After a boyhood in upstate New York, Bray moved with his family to California. "My gang in high school and junior college was like the UN—Japanese, black, Hispanic, Anglo." The vulnerabilities of the working class he learned from his unionist father, the invalidity of prejudice he learned from his friends, and from an older sister then active in civil rights campaigns.
"It all came into focus when I went to San Francisco State in 1968," Bray said. He was an indifferent student ("I had to take dumbbell English twice"), but more attentively tended to the lessons outside of class, where students organized one of the era's bitterest campus strikes.
The result is a personal politics that is less ideological than cultural. Some critics take issue with the scholarship of Allan Bloom, author of The Closing of the American Mind, others with Bloom's taste in rock and roll. Bray faults the book on political grounds, seeing it as a refurbishing of the stereotypes that dismiss the un-white and the un-middle-aged as vulgar, even barbaric.
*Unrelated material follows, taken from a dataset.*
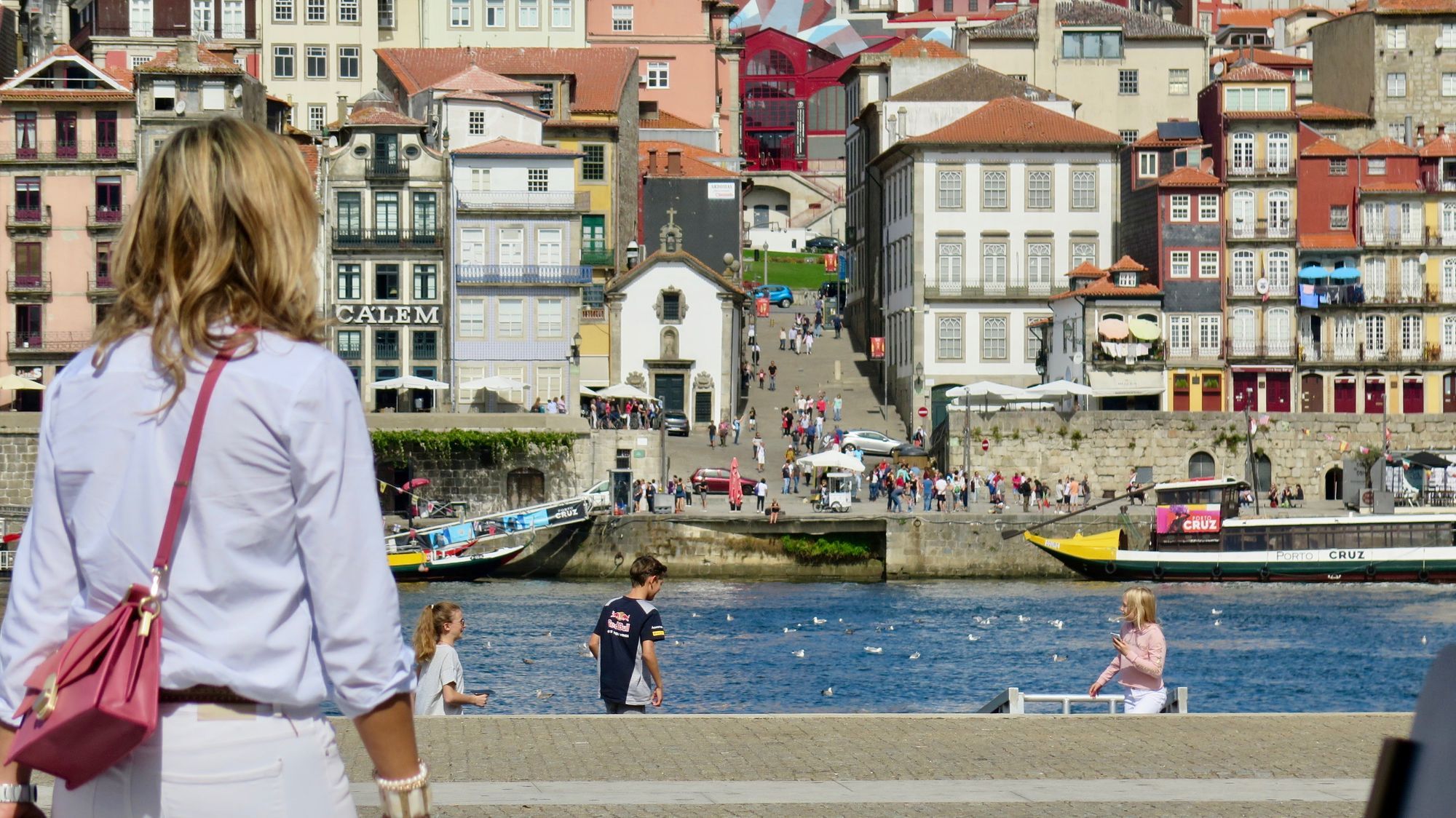 Four Iconic Waterfronts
Guild's advocacy has earned it a market niche, but no one has suggested that it is calculated; the effectiveness of the '60s Left can be questioned but never its earnestness. Guild, for example, donated a percentage of its proceeds from a recent in-store promotion to Chicago shelters for the homeless. "When you run an independent bookstore, making a living becomes a sideline," said Bray. "The bottom line is social profit."
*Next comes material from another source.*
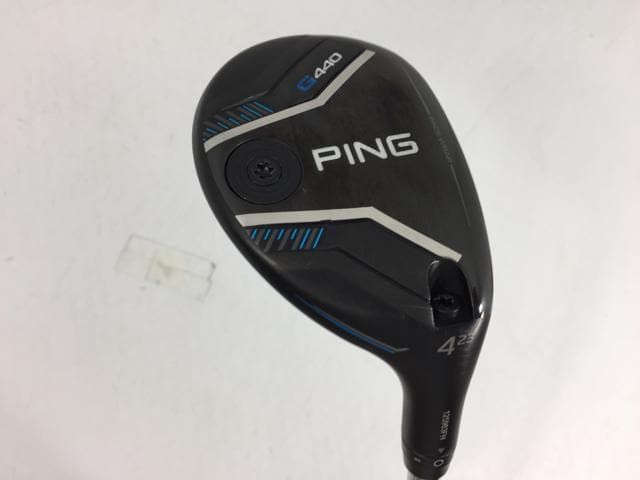ピン PING G440 ユーティリティ 4U 23度 ヘッドのみ 正規品 日本正規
Bray believes, in short, that books matter, that people care, that change is possible. To the disenchanted, his seriousness is more manifest than his wisdom. "I am not a naive optimist," he said in defense. "My dad used to tell me, 'We were the scapegoats once. We were at the bottom. It could happen again. So always support the underdog, because the next underdog could be you.' In Germany they blamed the Jew. Now they blame the black underclass, or the immigrants. What happens to workers in the Rio Grande valley could happen to me." Bray said this with the blend of resignation and dread that you hear in other people when they talk about the possibility of being mugged on the el. "The world is so goddamned small."
* * *
People are crouching on the floor, leaning against the feminist poets. A guy in combat boots knocks over part of Latin America. Somebody is taking pictures, and the air smells of young wine and old musk. On an impromptu stage a man speaks into a microphone, saying, "The homeless have no place to lay their heads."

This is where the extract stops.